Era la notte fra il 12 e il 13 giugno, ed erano già passati tre giorni dalla caduta. Angelo raggiunse Alfredino dopo venti minuti. La luce fioca della sua torcia illuminò quel bambino incastrato in un punto largo 28 centimetri.
“Gli tolsi il fango dagli occhietti e dalla bocca e cominciai a fargli promesse che avrei senz’altro mantenuto. Gli dissi: ho tre bambini e uno è più piccolo di te. Hanno tutti la bicicletta. Sai che facciamo? Appena usciamo ne compro una anche a te, vedrai che sarai orgoglioso di questa bici nuova. E poi ti compro anche una barchetta, mi hanno detto che sai pescare bene… Lui emetteva quel rantolo che è qui, nella mia testa… Lo imbragai una prima volta e diedi il segnale alla squadra in superficie. Ma lo strattone fu troppo forte e la cinghia scivolò fuori dalle braccia. La rimisi e tentarono ancora ma stavolta fu il moschettone a sganciarsi. Ho provato a prenderlo per i gomiti ma niente, non si riusciva. Alla fine l’ho afferrato per i polsi e nel tentativo di tirarlo su gli ho rotto quello sinistro. Ho sentito un lamento, lieve. Non aveva più forze, povera creatura. Gli ho detto: dopo tutta la sofferenza che hai patito ci mancavo proprio io a farti ancora più male.

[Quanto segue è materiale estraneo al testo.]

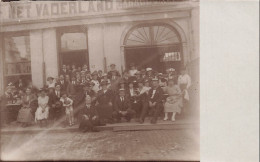 CARTE PHOTO - Net Vaderland - Un Rassemblement Devant Un Bâtiment - Carte Postale Ancienne - Fotografie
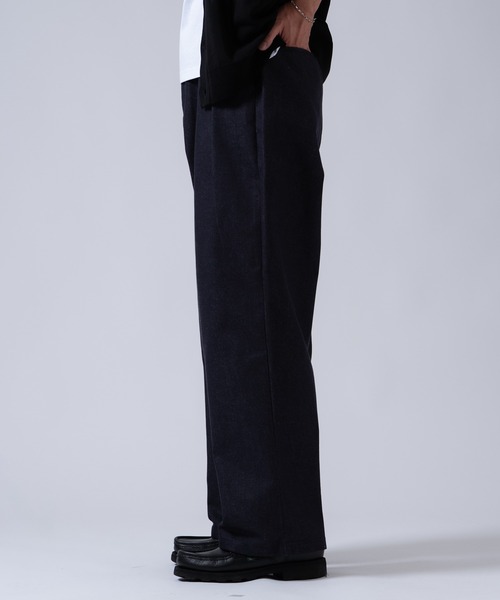 OXA(オグザ)の「デニムスラックス(デニムパンツ・メンズ・ネイビー/ブラック・LARGE/MEDIUM)」の9枚目の写真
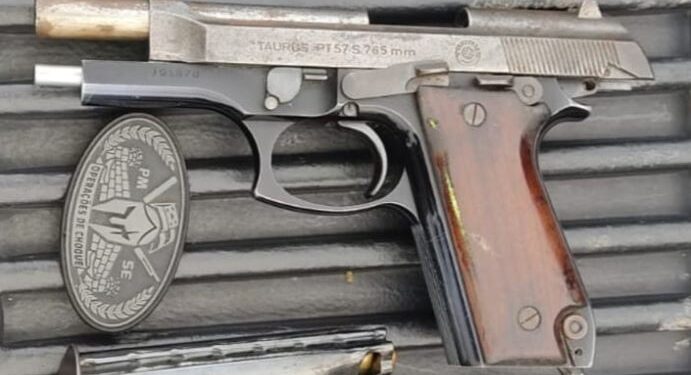 Polícia Militar prende suspeitos de roubos na região do bairro Santa Maria, em Aracaju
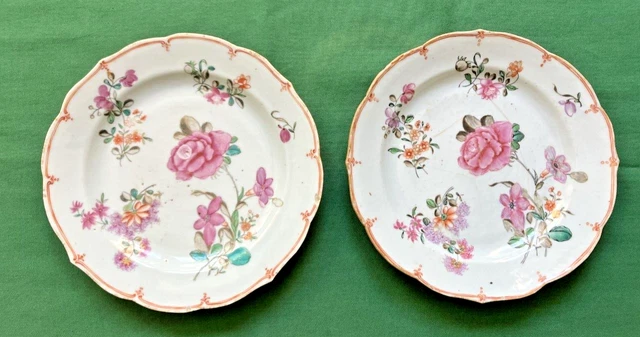 2 assiettes porcelaine Compagnie des Indes XVIIIème fleurs roses/tons pastels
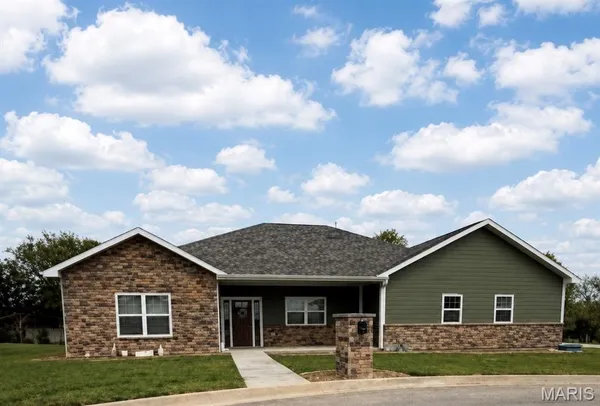 $554,500 | 303 Karlie Court, Linn, MO 65051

Il bambino era a 64 metri di profondità. Gli ho tolto il fango dagli occhi e dalla bocca e ho cominciato a parlargli, dolcemente. So che capiva tutto. Non riusciva a rispondere ma l’ho sentito rantolare e per me era quella la sua risposta. Quando smettevo di parlare rantolava più forte, come per dirmi: continua che ti sto ascoltando. Dopo vari tentativi andati a vuoto, l’ultimo che ho fatto è stato prenderlo per la canottierina, ma appena hanno cominciato a tirare ho sentito che cedeva… E allora gli ho mandato un bacino e sono venuto via. Ciao piccolino
Quando mi tirarono su mi ritrovai davanti alla mamma di Alfredino. Venne da me e mise le sue mani sulle mie guance: mi dica come sta il mio bambino, chiese. Io fui sincero: signora, è ancora vivo ma se non si fa in fretta non so quanto potrà resistere. Ancora oggi ogni tanto la sento per un saluto”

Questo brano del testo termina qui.